-- Data supplied follows --
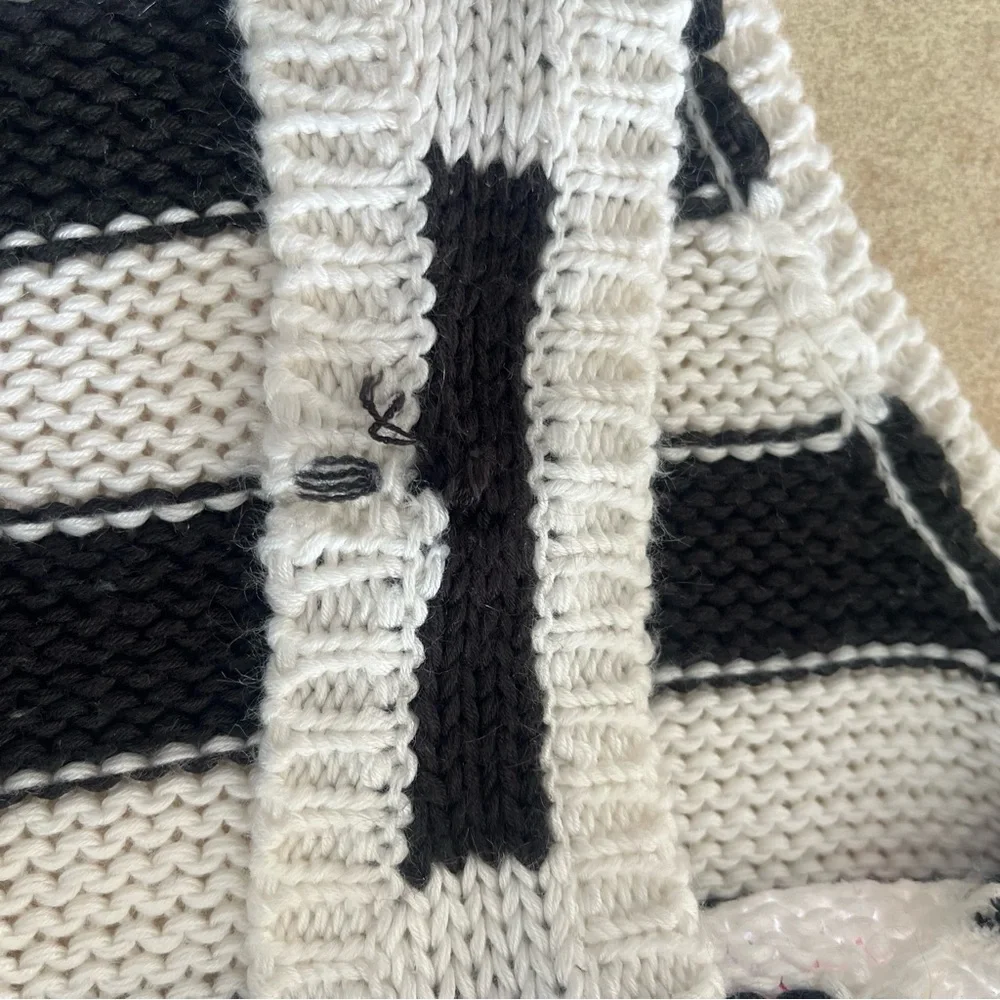 Vintage 1984 Eve Roth Jump Knit Long Tank Top - Picture 10 of 10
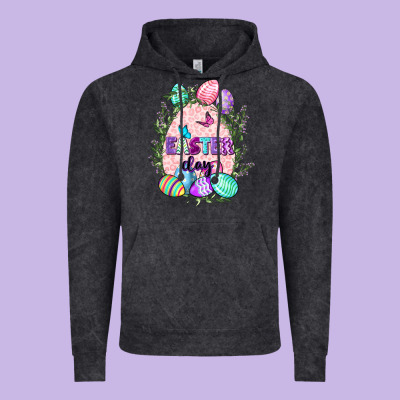 Easter Day Vintage Hoodie Designed By Cowgirlartshop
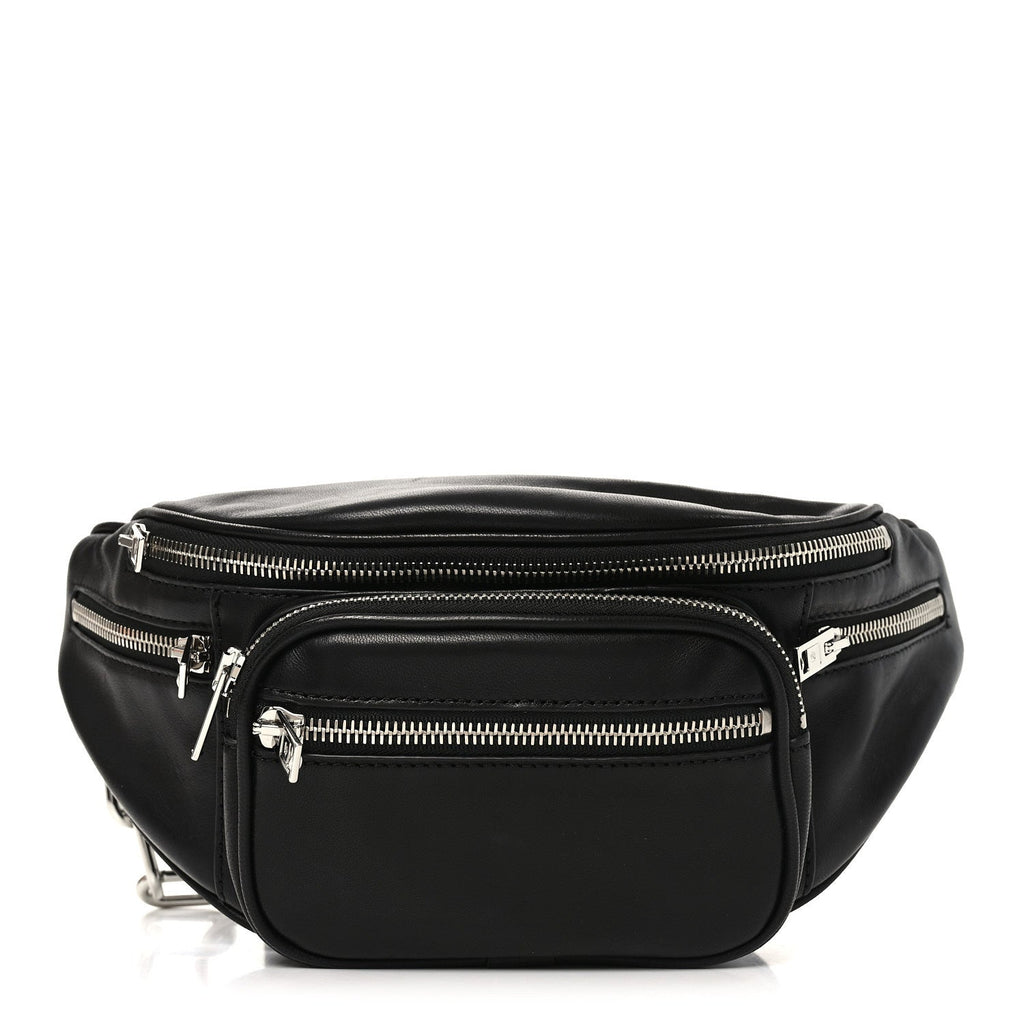 Nappa Fannypack Black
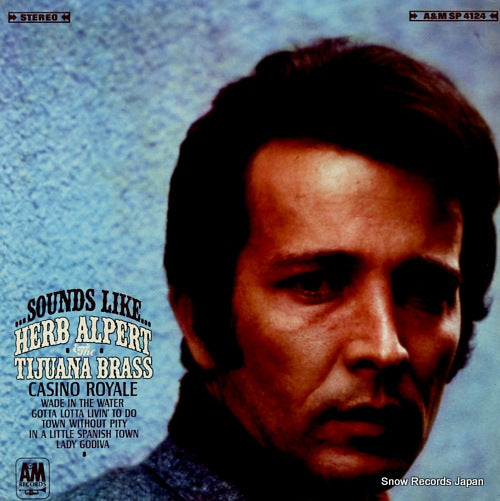 ALPERT, HERB, AND THE TIJUANA BRASS sounds like SP-4124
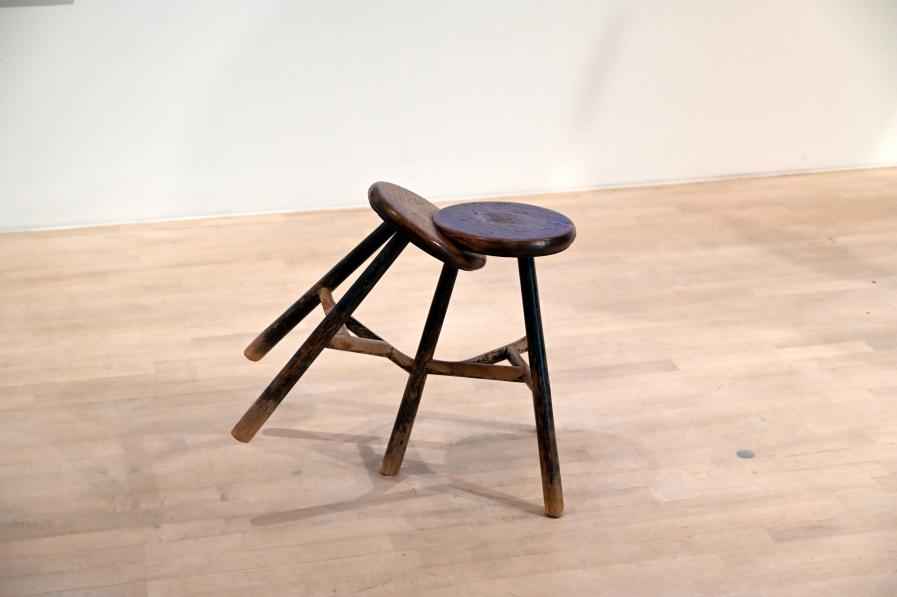 Ai Weiwei (2003–2017), Schemel, Düsseldorf, Kunstsammlung K21, 2. Obergeschoss, 2014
-- Data supplied concluded --
## Brief
Write out exactly, and only, the lines from the line holding "Easter Day Vintage" through the end of the data, inclusive, without any pictures.

## Solution for this exercise
 Easter Day Vintage Hoodie Designed By Cowgirlartshop
 Nappa Fannypack Black
 ALPERT, HERB, AND THE TIJUANA BRASS sounds like SP-4124
 Ai Weiwei (2003–2017), Schemel, Düsseldorf, Kunstsammlung K21, 2. Obergeschoss, 2014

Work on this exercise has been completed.